Part of the work that I do is as a therapeutic Arts practitioner; I work in a mental health context as well as in community settings to engage and explore the experience of others through the Arts. In order to support and develop my practice in these contexts I have found it critical to feed my own artistic appetite. I have made a commitment to developing my own private art practice, I see it as a way to extend and reflect on the dynamic systems of interpersonal exchanges in my daily experiencing, my art practice nurtures my inner life by attending acutely to my sensorial system, it keeps me creatively inspired and maintains a working knowledge of materials and techniques that I can bring back into my work. 

I also have a strong community of practice amongst other artists; we share and collaborate on creative projects, inviting each other to provide critical feedback, curatorial advice and discussing the machinations of process in an effort to share our knowledge and support the development of individual expression.

Most recently I worked with artist Elyss McCleary to develop a 24hr project that explored our individual responses to sound, through the medium of drawing.
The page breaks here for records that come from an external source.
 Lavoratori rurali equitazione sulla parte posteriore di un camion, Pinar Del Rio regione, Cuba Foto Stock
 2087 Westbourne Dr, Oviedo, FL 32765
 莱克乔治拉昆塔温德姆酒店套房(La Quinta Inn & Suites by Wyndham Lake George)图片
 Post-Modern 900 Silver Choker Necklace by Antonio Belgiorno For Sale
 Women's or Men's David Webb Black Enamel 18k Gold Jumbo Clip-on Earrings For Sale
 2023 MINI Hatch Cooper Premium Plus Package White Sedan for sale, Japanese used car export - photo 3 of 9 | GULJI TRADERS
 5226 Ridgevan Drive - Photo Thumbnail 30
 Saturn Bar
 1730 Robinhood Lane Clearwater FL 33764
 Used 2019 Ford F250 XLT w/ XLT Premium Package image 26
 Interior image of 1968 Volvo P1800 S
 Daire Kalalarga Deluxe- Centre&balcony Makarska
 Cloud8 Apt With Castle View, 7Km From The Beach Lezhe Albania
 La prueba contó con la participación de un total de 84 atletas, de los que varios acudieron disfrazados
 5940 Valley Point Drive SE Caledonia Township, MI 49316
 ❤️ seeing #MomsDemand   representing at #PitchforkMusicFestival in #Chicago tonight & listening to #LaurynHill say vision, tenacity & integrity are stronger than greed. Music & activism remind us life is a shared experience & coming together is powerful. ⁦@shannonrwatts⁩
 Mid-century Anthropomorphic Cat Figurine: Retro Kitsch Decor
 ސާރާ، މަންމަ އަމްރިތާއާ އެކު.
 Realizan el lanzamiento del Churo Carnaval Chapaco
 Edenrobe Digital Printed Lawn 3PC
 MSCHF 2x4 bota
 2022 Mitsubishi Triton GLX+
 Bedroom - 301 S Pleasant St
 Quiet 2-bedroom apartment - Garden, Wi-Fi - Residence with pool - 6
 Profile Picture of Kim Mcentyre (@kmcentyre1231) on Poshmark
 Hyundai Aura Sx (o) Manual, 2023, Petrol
We worked intermittently through the day and into the night to visually transcribe or respond to sound; from the gallery space, the surrounds, each other and visitors. 

The experience was a rich sensorial recognition of the spontaneous expressions that happens in and through the body. We worked in a gallery space over 24hrs to build a body of work that reflected our interpretations of sounds; the concentrated parameters of time and space gave an acute focus to the artistic reverberations and forged deep connections with our intrapersonal spaces, working emergently we held open space for each other, a tacit prescient feeding our non verbal exchanges with visceral accuracy. 

The process occurred from the 27-28th of August 2017, and culminated in an exhibition titled; ‘The Deafening sounds of these Drawings, it was a continuation of an interest in spatial ideas and dialogues, a call and response approach to drawing, a visually symphonic conversation between artists, space and time.

The sensing body is not a programmed machine but an active and open form, continually improvising its relation to things and to the world. (Abram, 1996, p. 49)

This collaborative project allowed me to explore my values and processes in a modality that felt authentic and transparent. I tuned into access points within my own body, exploring their resonance through processes of  amplification and reduction, reflecting my felt sense of the intersubjective space and reflexively feeding these manifestations onto the paper. This practise of attuning to my somatic experience extends upon the desired skill of being fully present in my work, whilst bracketing in my core values, in respect to communication; to be as clear and open in my relational interactions, and capable of responding in a considered way without any preconceived agenda. 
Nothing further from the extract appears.